George Galloway’s decision to take part in the Celebrity Big Brother TV programme quite possibly alienated enough Muslims so that Respect failed to take control of Tower Hamlets council in the May 2006 local elections. Nevertheless, Respect won 12 seats there and four others elsewhere. However, the strategy of targetting Muslim voters had the side effect that candidates with Asian names received more votes than others, resulting in all 16 councillors being Asian and none members of the SWP. This could cause a crisis in the SWP, despite the fact that two of the new councillors have subsequently joined that party, as I pointed out in the first edition of Revolutionary Platform News.

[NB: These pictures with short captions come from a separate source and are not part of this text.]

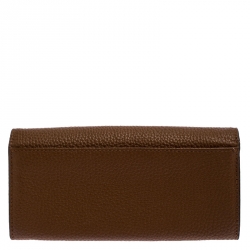 Pre Owned محفظة مايكل كورس كارسون جلد بني فاتح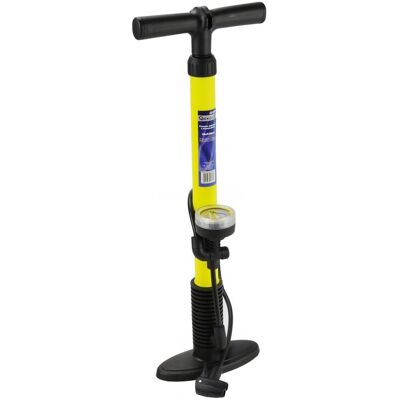 GEKO - Pompa manuale con manometro - 35x500mm - corpo plastico - Pompa manuale GEKO - Pompa manuale con manometro - 35x500mm - corpo plastico - Pompa manuale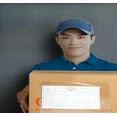 thumbnail image 4 of 100 Pack Clear Packing Slip Pouches, 7" x 5.7" Waterproof Shipping Label Sleeves with Adhesive, 4 of 7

The Socialist Party’s initiative of the Campaign for a New Workers’ Party looks more promising, and I urged people to support that initiative in a leaflet produced for the RMT conference in London on the 21st of January 2006 calling for the launch of a broad socialist party led by revolutionaries (which you can read by clicking here).
The socialist alliances (SAs) which were launched on the initiative of Militant Labour (now the Socialist Party) have mainly been destroyed by the SWP in conjunction with a few allies, in order to concentrate on Respect. The main opposition to the bureaucratic way the SWP ran the SAs – the Socialist Alliance Democracy Platform (SADP) – has resurrected the Socialist Alliance as a national organisation linking a small number of remaining local alliances, at a conference on the 12th of November 2005. A small splinter group (which unfortunately does not want to remain part of the national network of SAs) has continued the SADP, becoming known as the Democratic Socialist Alliance (DSA); these seem (in general) the most serious of the activists continuing the SA project, particularly some of those in the Manchester area. In my opinion, the DSA is the best name – clarifying that we don't want a dictatorial regime like the ones that collapsed in the USSR and Eastern Europe, and to distance ourselves from the bureaucratic way in which the SWP led the SAs.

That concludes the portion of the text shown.